Walters testified that he did not believe the names of Lamorte's clients and information concerning pending claims was Lamorte's proprietary and confidential information. He reasoned that the information, although not generally available to the public, was not secret. He asserted that the discrete information could be obtained by calling directly and inquiring of insurance companies and vessel owners. Further, other than the reference to "confidential and proprietary information" in his employment agreement that Walters believed was unenforceable, he never had been told by Lamorte that any of the specific information he was gathering in connection with his P & I work was confidential and proprietary. Halpin, himself, never discussed the confidentiality of the information. During Walters's deposition, however, he answered "No" to the following question:
Would you have given that information to a competitor if he walked in the door and said, I want to go after your customers [?] Give me a complete listing of their files, reference numbers, adjusters and fax numbers and I will use that to solicit them. You would have given that information to them?
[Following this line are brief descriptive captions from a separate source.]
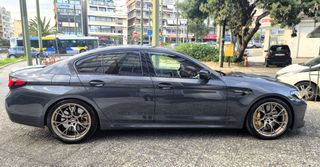 Bmw M5 2022 CS 4.4 V8 635Hp xDrive / Full PPF / Ceramic brakes-thumb-13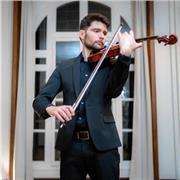Besoin d'un coup de pouce en violon? Cours sur mesure en présentiel ou par webcam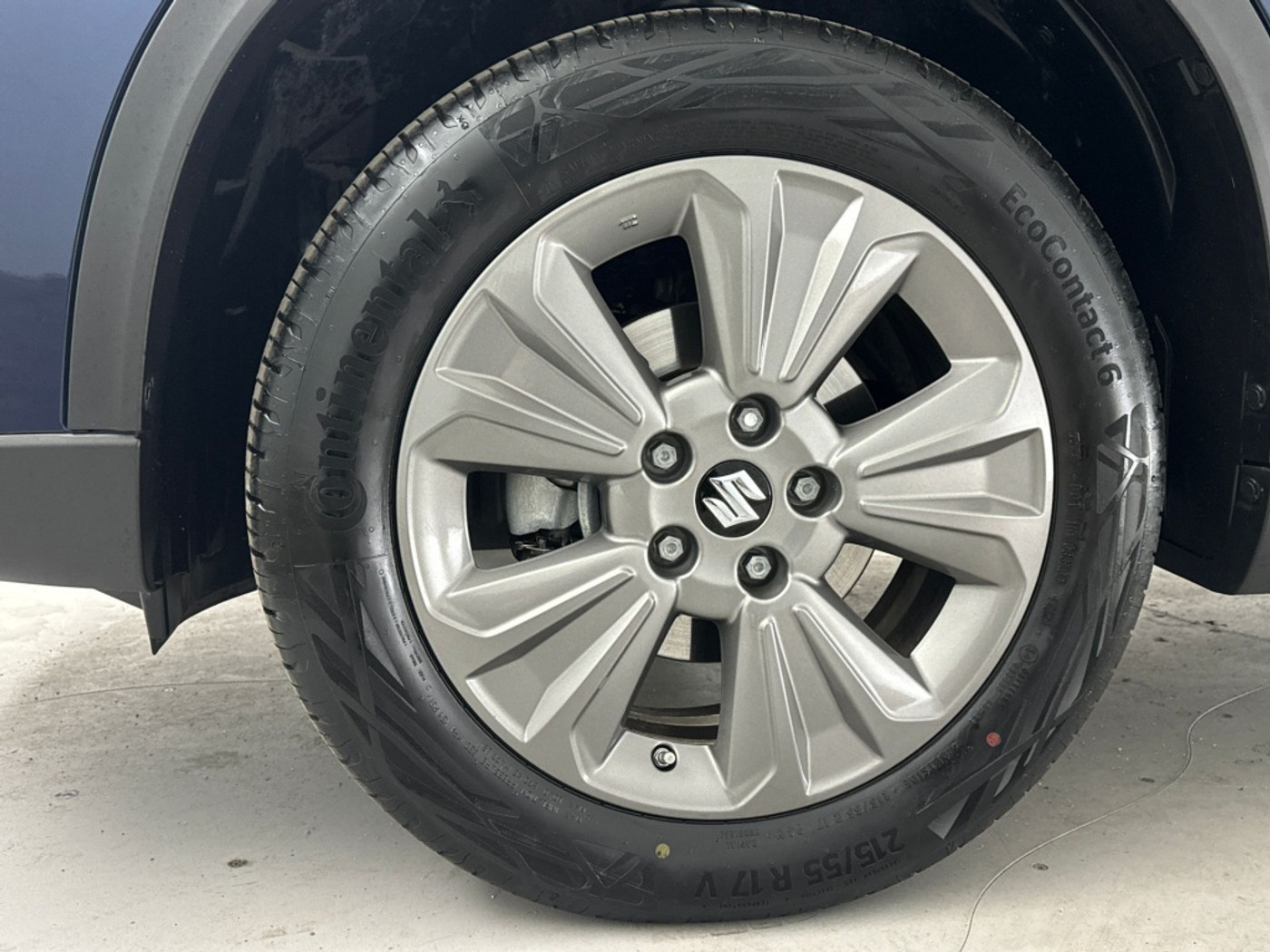 Foto van Suzuki Vitara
In September 1996, Halpin confronted defendants concerning rumors that they were thinking of leaving to start a competing business. They reassured Halpin the rumors were untrue. Walters testified that he feared he would be fired if Halpin knew the truth. The truth was that Walters and Nixon were well on their way to establishing a competing business. By October 1997, they signed a three-year lease to commence December 1, 1997 for office space in Cranford, New Jersey. As December approached, they purchased office equipment, leased computers, and obtained telephone and fax lines for the new WNG office. They agreed that they would resign on the weekend of December 20-21, 1997, a date selected so that each would be eligible to collect Christmas bonuses from Lamorte. They planned that over the same weekend they would send to Lamorte's clients solicitation letters and forms directing the transfer of claim files.
Just prior to resigning, Walters was asked by Halpin to sign a new and more restrictive employment agreement. The proposed agreement included a clause prohibiting him from working for any of plaintiff's customers for a full year, no longer just prohibiting him from working on claim files with which he was actively involved at Lamorte. Nixon also was asked to sign a corresponding employment agreement. Defendants avoided signing those agreements before their resignations.
On Thursday and Friday, December 18 and 19, 1997, Walters called in sick. In fact, Walters was at WNG's office installing computers, setting up furniture, and preparing to activate the business solicitation plan over the coming weekend. Telephone records showed that on December 19, 1997, calls were placed to several of Lamorte's clients from WNG's office. Walters, however, denies that during those conversations he ...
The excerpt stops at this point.